I noticed the other day that I have made a lot of afghans and quilts out of squares. I have only begun to scratch the surface. It is amazing how much room blankets take up, yet there are a ton of them in my house. I think every bed has about five of them on, all year 'round. There are big ones for king size beds, and little ones for the kids to drag around, and everything in between. So today I decided to show some I had made out of yarn.
About ten and a half years ago I decided to reteach myself how to crochet. The first thing I did was a very, very large granny square, big enough to fit the king size bed. I'll show that tomorrow because I have to unmake my bed to get it; I think it is the third one down. I call that one the ugly blanket that should never see the light of day, but it works for added warmth.

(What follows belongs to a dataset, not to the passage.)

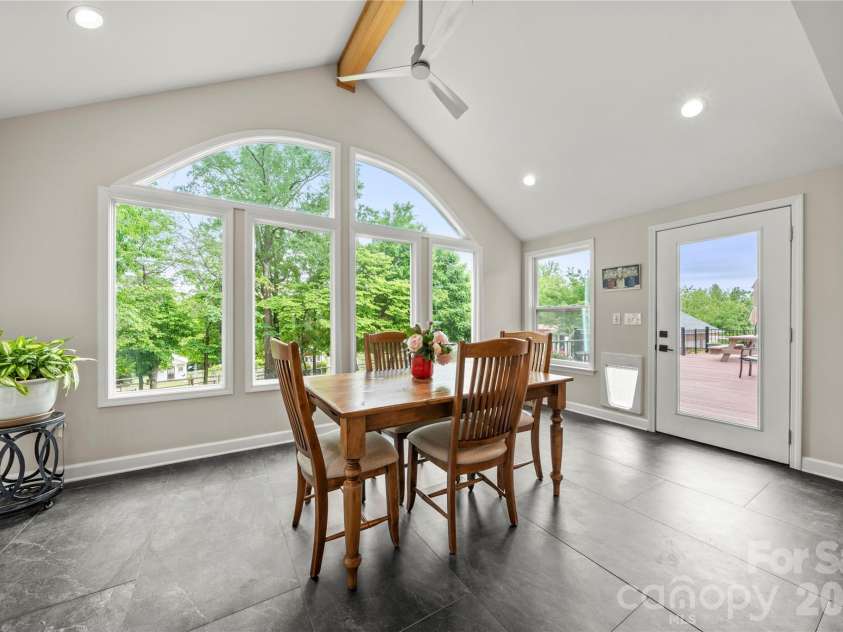 1125 Saddle Drive, York, SC 29745.  MLS# CAR4376183, YatesRealty ID 18986.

The second blanket, afghan, I made was small granny squares. When I was a little kid my Vavo had one that I just loved to crawl under on Saturday afternoons to watch Sci-fi theater and Kung-fu theater. Don't ask me why, but I watched those every Saturday afternoon as a kid. The sun would come through the window and land right on the couch and I would curl up under a blanket it was just so warm and toasty it was all I could do to stay awake to watch. As soon as the shows ended I would fall asleep for a great nap, loved that. So I made the black afghan to remind me of that. Too bad it is made out of acrylic yarn; the one from my youth was wool. However, when I was relearning to crochet all I could afford was thrift store yarn so that is what I bought except for the black; that was purposely added so it would look like the one from my youth.The next one was made on the vintage weave-it rug looms. It was the only loom made by weave-it that had the wood pegs; the rest have metal pegs. The yarn is Aunt Lydia's rug yarn that was purchased at thrift stores; this time not because I had to, but because I wanted to. Every time I found a skein I would make more squares. After a while I had enough squares to make an afghan and this was born. It does have a black crocheted edging to hold the blocks together and around the outside edges, too. If you can believe it, the edge is made from the scraps from the black granny square blanket from 10 years prior. Yep, things have a hard time making it to the garbage at my house. If it usable yarn, it will be saved; even one that is only 2 feet long -- you can make crazy daises with those, and they can be used to make a blanket or used as an embellishment on an item. Another tool from the 30's to 50's.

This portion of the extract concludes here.